Rajapakse est réputé pour avoir poursuivi la guerre sans merci-contre les Tamouls et pour avoir eu recours à des méthodes policières de répression afin de réprimer toute opposition. Après avoir prêté serment, il a confié au Sunday Times qu’il avait « relevé le défi de venir en aide aux Sri-lankais, qui souffrent de difficultés considérables en raison de la détérioration de la situation économique. La roupie se déprécie par rapport au dollar américain et le coût de la vie augmente à pas de géant. »

C’est un double langage orwellien. S’adressant aux hindous le mois dernier, Rajapakse avait dit que l’absence d’un « gouvernement stable » détournait les investisseurs. « Un gouvernement doit être fort et parler d’une seule voix », avait-il déclaré.

Son fils, Namal Rajapakse, qui s’est confié au New York Times hier, a déclaré d’emblée : « Mais vous allez maintenant avoir la stabilité avec le nouveau gouvernement. Les gens peuvent s’opposer à nous, mais au bout du compte, nous parviendrons à résoudre l’instabilité économique et sociale. »

Le coup d’État de Sirisena ne fera que renforcer les rivalités géopolitiques, ainsi que les intrigues politiques à Colombo. Le département d’État américain a déclaré qu’il suivait de près les événements au Sri Lanka et a appelé toutes les parties à « agir conformément à la Constitution, à s’abstenir de toute violence et à respecter la loi. »

Les États-Unis ne toléreront pas un nouveau gouvernement sri-lankais qui pencherait vers la Chine. Le vice-président, Mike Pence, a critiqué la « diplomatie du piège de la dette » plus tôt ce mois-ci et a cité le Sri Lanka comme exemple. Le Sri Lanka, a-t-il affirmé, en louant le port de Hambantota à Pékin, « deviendrait bientôt une base militaire avancée pour la marine de haute-mer chinoise grandissante. »

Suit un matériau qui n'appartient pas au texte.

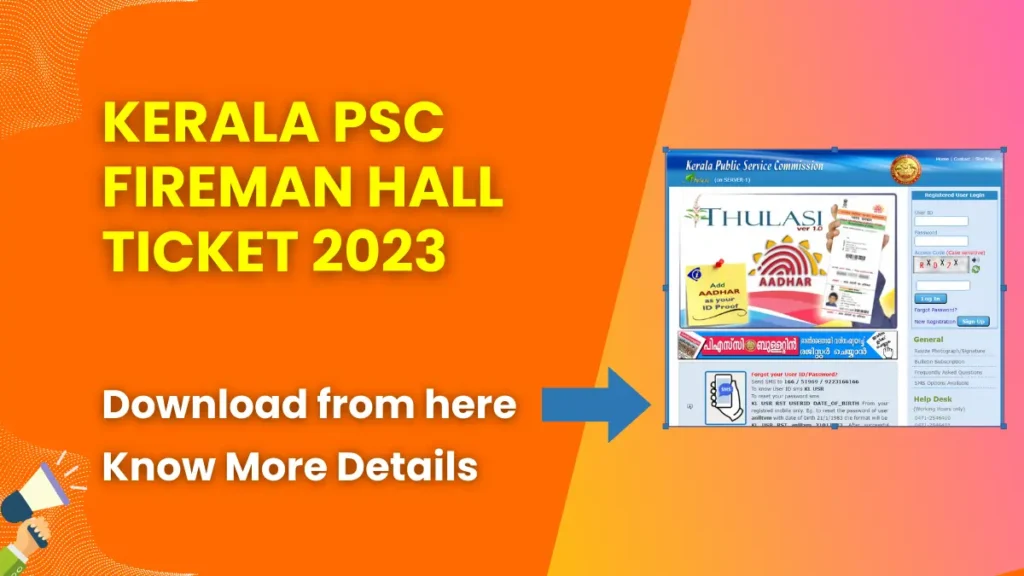 Kerala PSC Fireman Hall Ticket 2023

Bien que le gouvernement indien n’ait publié aucune déclaration, les médias préviennent que la Chine, rivale de l’Inde, en bénéficiera. Indrani Bagchi, éditorialiste du Times of India, a écrit : « L’Inde a de grands intérêts en matière de sécurité au Sri Lanka et le gouvernement Modi serait réticent à l’idée d’une plus grande présence chinoise dans cette nation insulaire, compte tenu en particulier des difficultés posées par les Maldives et leur propre Président qui penche du côté des Chinois. »

Le paysage diplomatique résultant était évident hier. Wickremesing a rencontré des diplomates étrangers des États-Unis, du Royaume-Uni, de l’Union européenne, du Japon et de l’Inde à Colombo, tandis que l’ambassadeur de Chine à Colombo, Cheng Xueyuan, a rencontré Rajapakse afin de transmettre les meilleurs vœux du président Xi Jinping.

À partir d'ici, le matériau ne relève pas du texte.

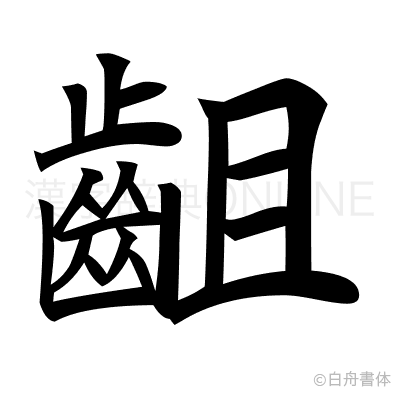 齟の楷書体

La classe ouvrière ne peut pas se permettre d’entretenir la moindre illusion envers l’une ou l’autre des fractions de l’élite dirigeante, qui ont toutes deux longtemps attaqué les droits démocratiques et sociaux des travailleurs et des masses rurales. Celui qui formera finalement le prochain gouvernement tentera d’imposer le fardeau de la crise économique aux travailleurs et utilisera les mesures de l’État policier pour supprimer l’opposition.